Start of Task inputs
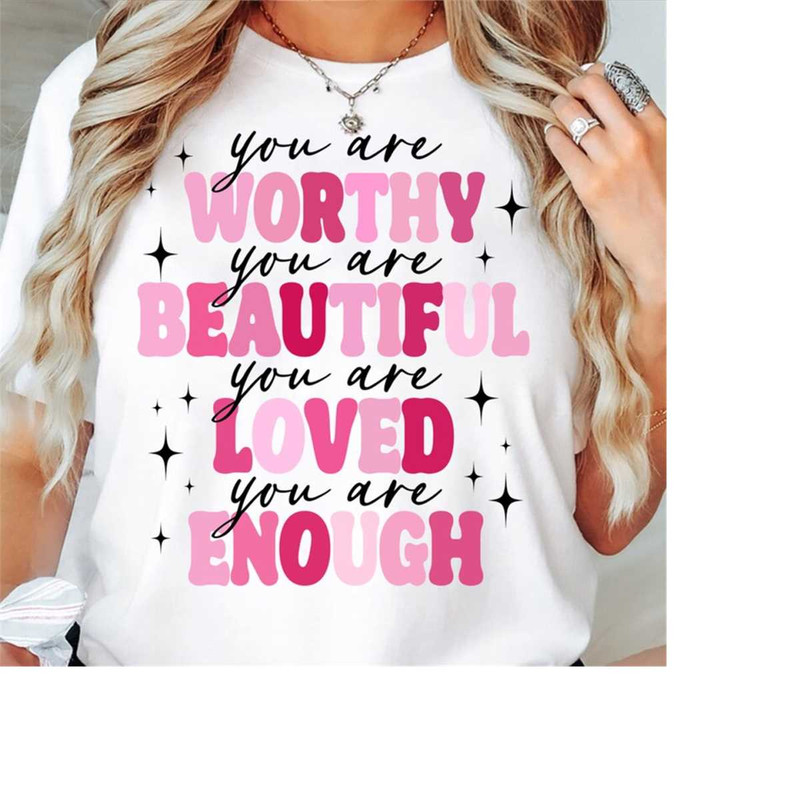 MR-2132024161017-you-are-enough-png-loved-worthy-png-retro-valentine-sublimation-self-love-png-trendy-valentines-love-yourself-svg-sublimation-image-1.jpg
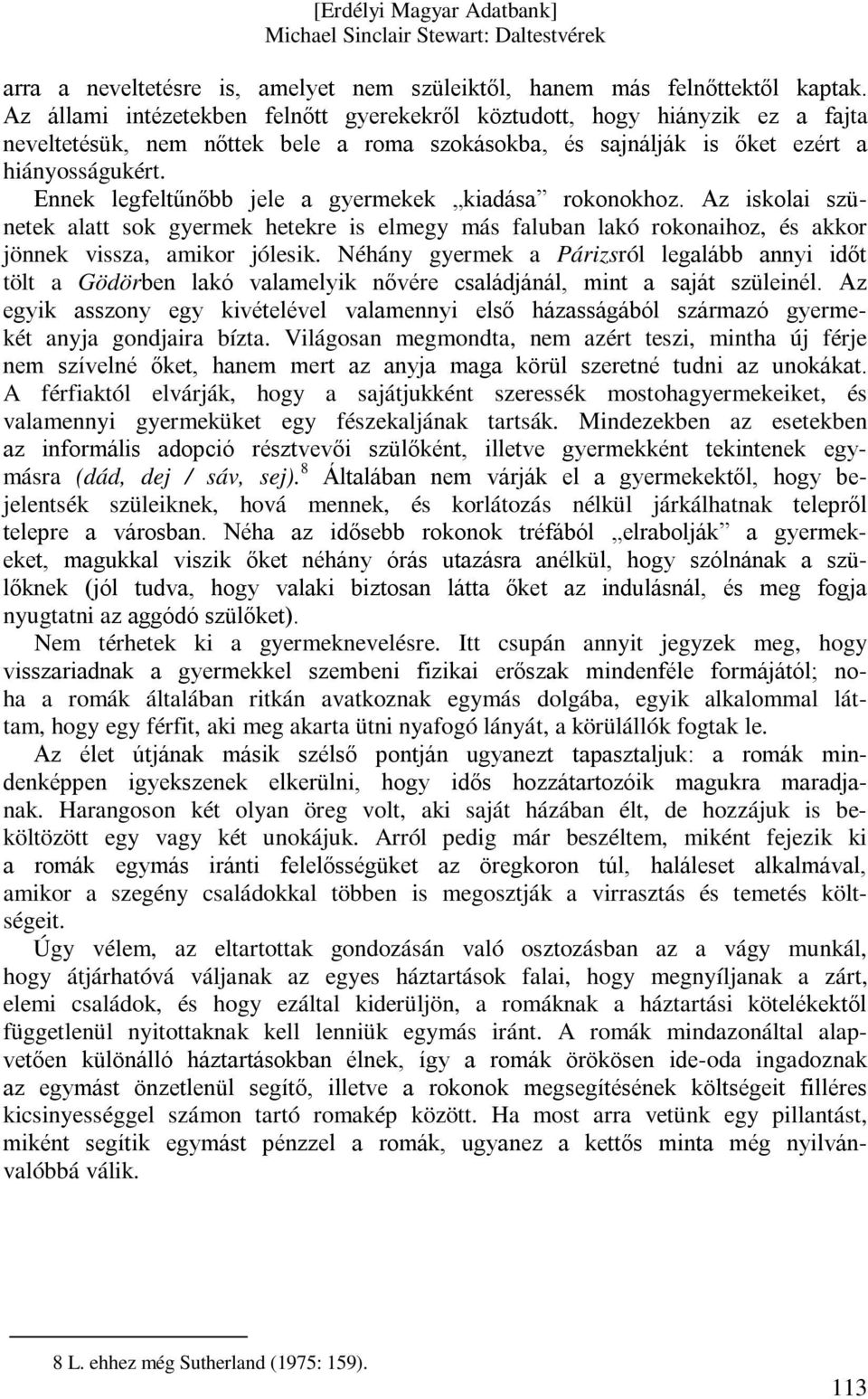 Ennek legfeltűnőbb jele a gyermekek kiadása rokonokhoz. Az iskolai szünetek alatt sok gyermek hetekre is elmegy más faluban lakó rokonaihoz, és akkor jönnek vissza, amikor jólesik.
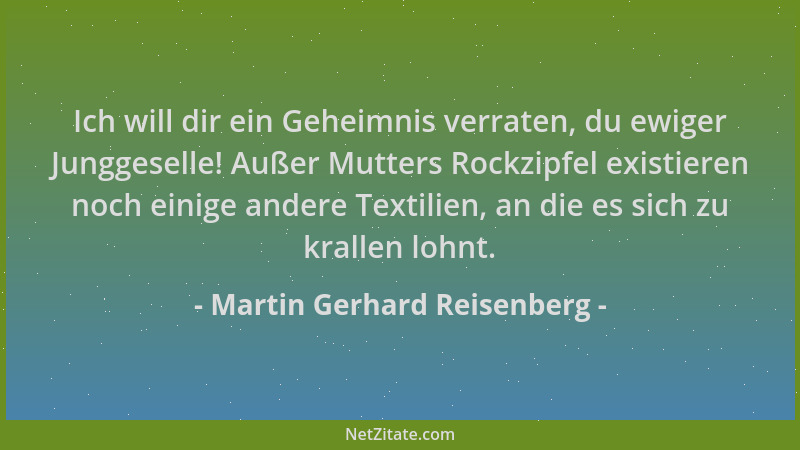 Martin Gerhard Reisenberg - Ich will dir ein Geheimnis verraten, du ewiger Junggeselle! Außer Mutters Rockzipfel existieren...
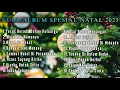 Lagu Full Album Spesial Natal_Terbaru 2025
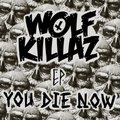 WØLF KILLAZ - You die now [Original mix] [1# EP]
End of Task inputs
# Task goal:
Please print the entries above exactly. Skip every picture.

# Answer for the task:
 MR-2132024161017-you-are-enough-png-loved-worthy-png-retro-valentine-sublimation-self-love-png-trendy-valentines-love-yourself-svg-sublimation-image-1.jpg
 Ennek legfeltűnőbb jele a gyermekek kiadása rokonokhoz. Az iskolai szünetek alatt sok gyermek hetekre is elmegy más faluban lakó rokonaihoz, és akkor jönnek vissza, amikor jólesik.
 Martin Gerhard Reisenberg - Ich will dir ein Geheimnis verraten, du ewiger Junggeselle! Außer Mutters Rockzipfel existieren...
 Lagu Full Album Spesial Natal_Terbaru 2025
 WØLF KILLAZ - You die now [Original mix] [1# EP]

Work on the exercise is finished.